+++ Input records +++

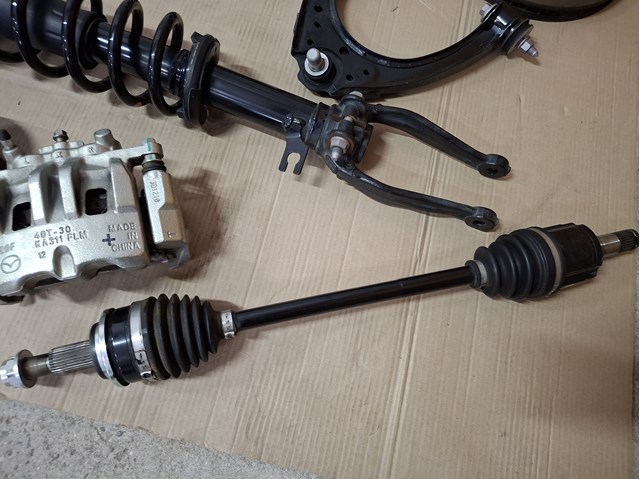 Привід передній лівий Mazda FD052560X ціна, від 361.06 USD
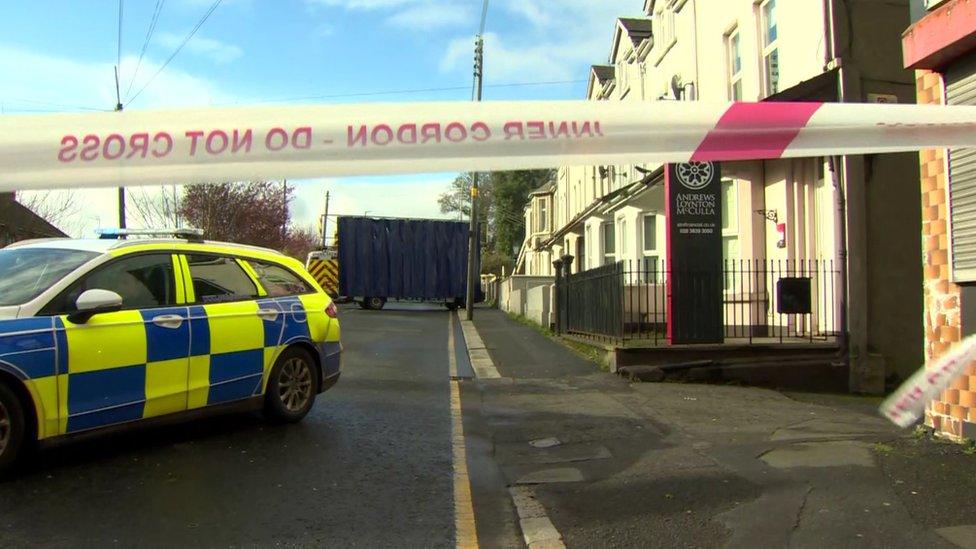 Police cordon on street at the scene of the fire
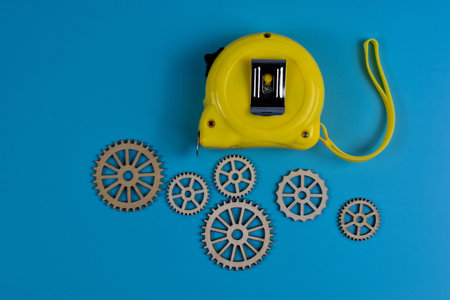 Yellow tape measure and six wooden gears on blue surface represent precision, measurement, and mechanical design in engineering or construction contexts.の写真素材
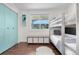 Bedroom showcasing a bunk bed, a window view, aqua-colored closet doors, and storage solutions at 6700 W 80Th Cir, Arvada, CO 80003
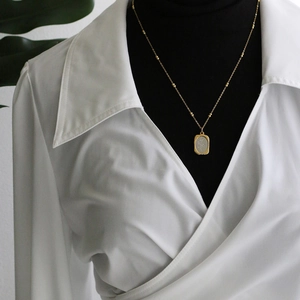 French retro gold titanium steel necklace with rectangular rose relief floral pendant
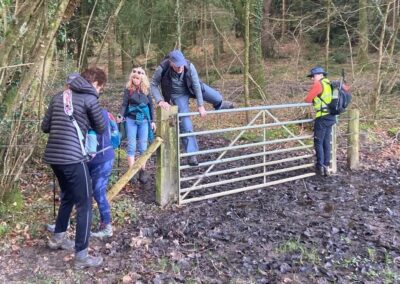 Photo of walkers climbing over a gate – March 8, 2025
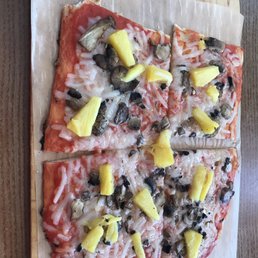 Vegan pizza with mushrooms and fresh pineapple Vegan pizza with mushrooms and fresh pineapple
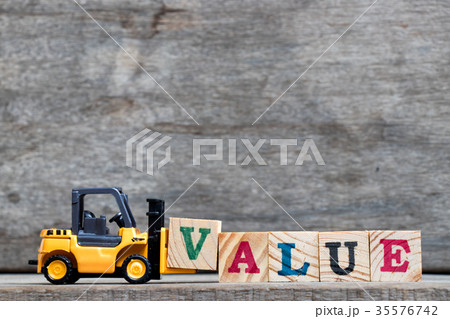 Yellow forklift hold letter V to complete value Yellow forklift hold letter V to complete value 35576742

+++

Task instructions ▸
From the data above, return exactly the lines from the one with "French retro gold" up to and including the one with "Vegan pizza with mushrooms and fresh pineapple Vegan". Pictures do not go in the copy.

Exercise result ▸
 French retro gold titanium steel necklace with rectangular rose relief floral pendant
 Photo of walkers climbing over a gate – March 8, 2025
 Vegan pizza with mushrooms and fresh pineapple Vegan pizza with mushrooms and fresh pineapple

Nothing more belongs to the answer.